Problem requirements
Go to the line holding "First of all, you" in the data below and repeat it exactly, then each line after it up to and including the one holding "In this command". Omit pictures.

Input for this task
****************
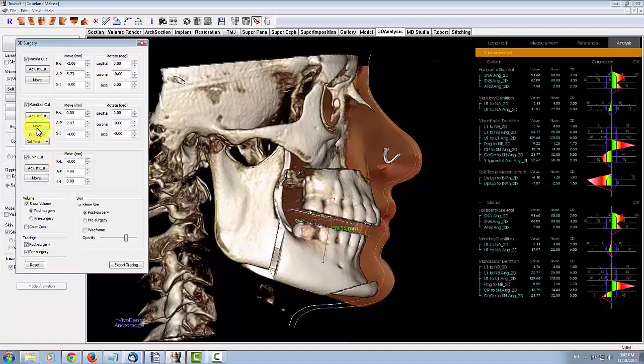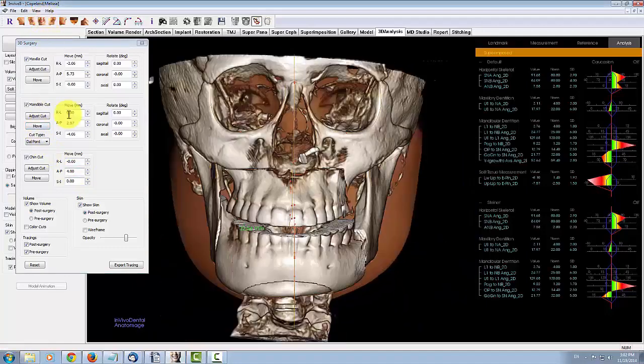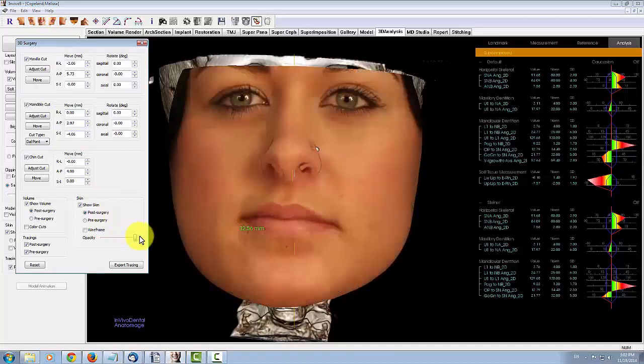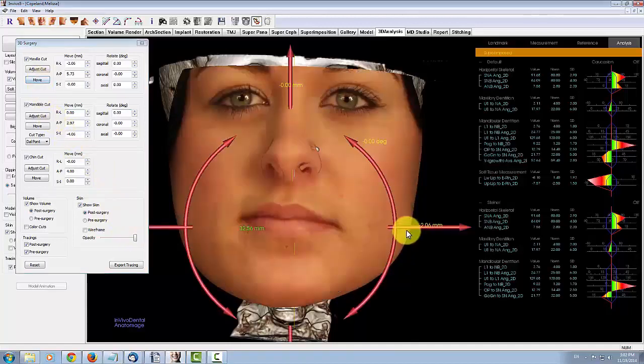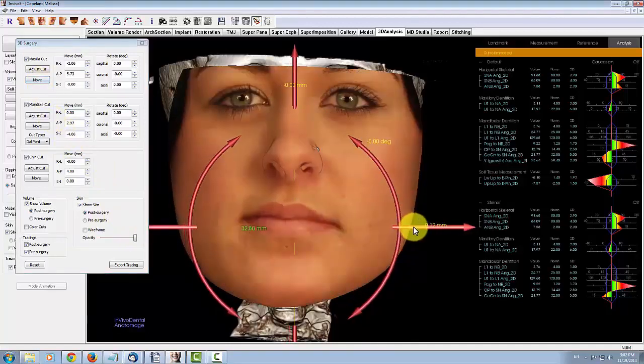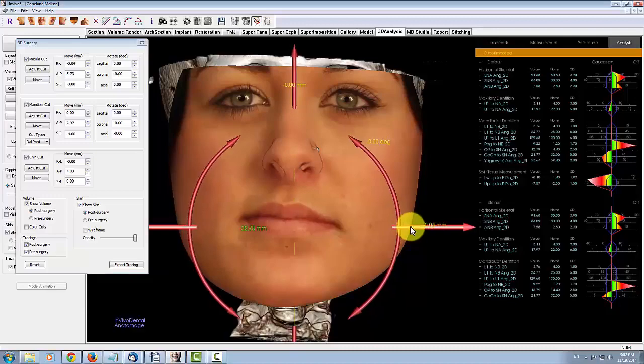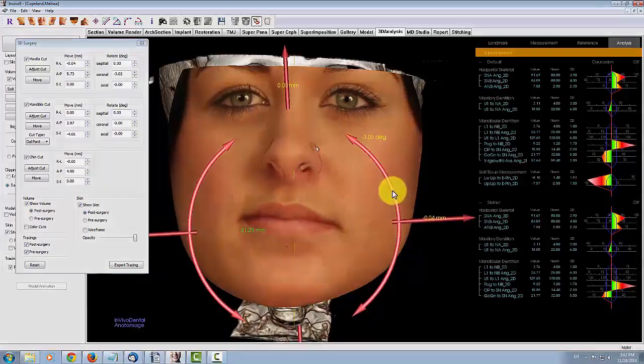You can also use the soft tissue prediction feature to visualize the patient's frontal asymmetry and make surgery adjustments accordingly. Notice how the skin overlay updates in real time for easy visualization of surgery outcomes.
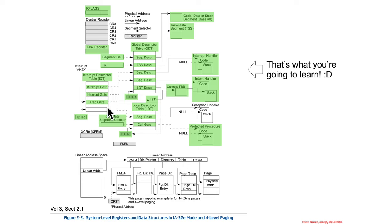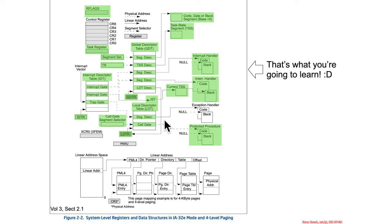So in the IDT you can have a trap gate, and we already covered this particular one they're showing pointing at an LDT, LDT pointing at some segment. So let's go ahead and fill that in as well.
****************
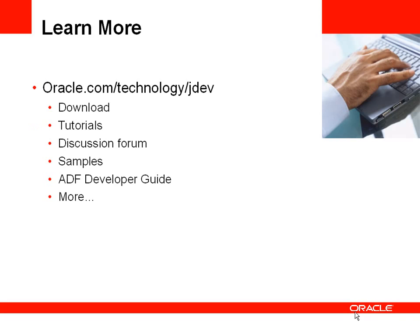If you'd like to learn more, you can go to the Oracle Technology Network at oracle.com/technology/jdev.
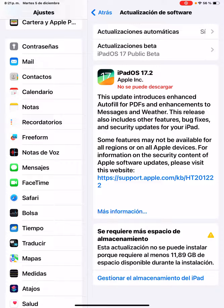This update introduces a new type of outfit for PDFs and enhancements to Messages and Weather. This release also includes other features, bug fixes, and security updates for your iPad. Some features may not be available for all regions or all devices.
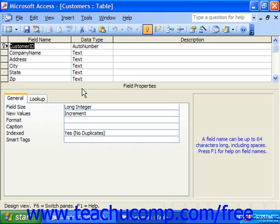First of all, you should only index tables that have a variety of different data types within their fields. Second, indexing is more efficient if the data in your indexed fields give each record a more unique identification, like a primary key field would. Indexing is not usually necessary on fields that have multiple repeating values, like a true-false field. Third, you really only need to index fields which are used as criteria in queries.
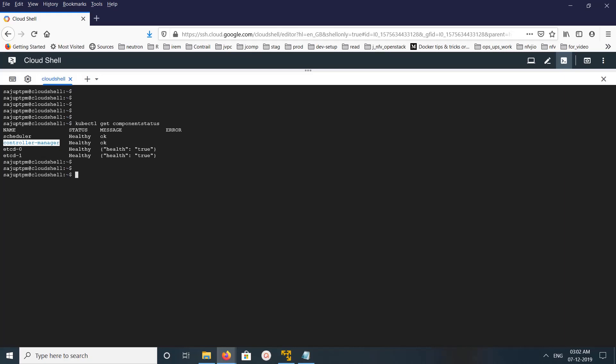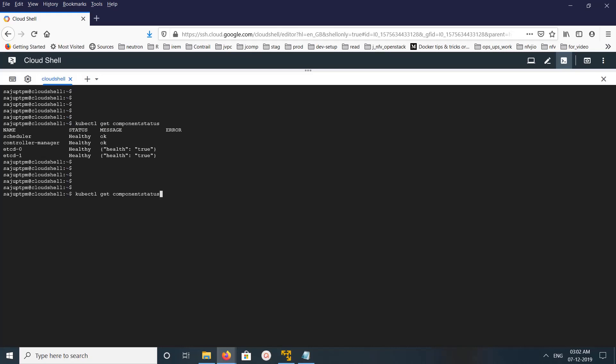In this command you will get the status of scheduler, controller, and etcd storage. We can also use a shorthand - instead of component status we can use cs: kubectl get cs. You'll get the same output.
****************
Exercise output
First of all, you should only index tables that have a variety of different data types within their fields. Second, indexing is more efficient if the data in your indexed fields give each record a more unique identification, like a primary key field would. Indexing is not usually necessary on fields that have multiple repeating values, like a true-false field. Third, you really only need to index fields which are used as criteria in queries.
In this command you will get the status of scheduler, controller, and etcd storage. We can also use a shorthand - instead of component status we can use cs: kubectl get cs. You'll get the same output.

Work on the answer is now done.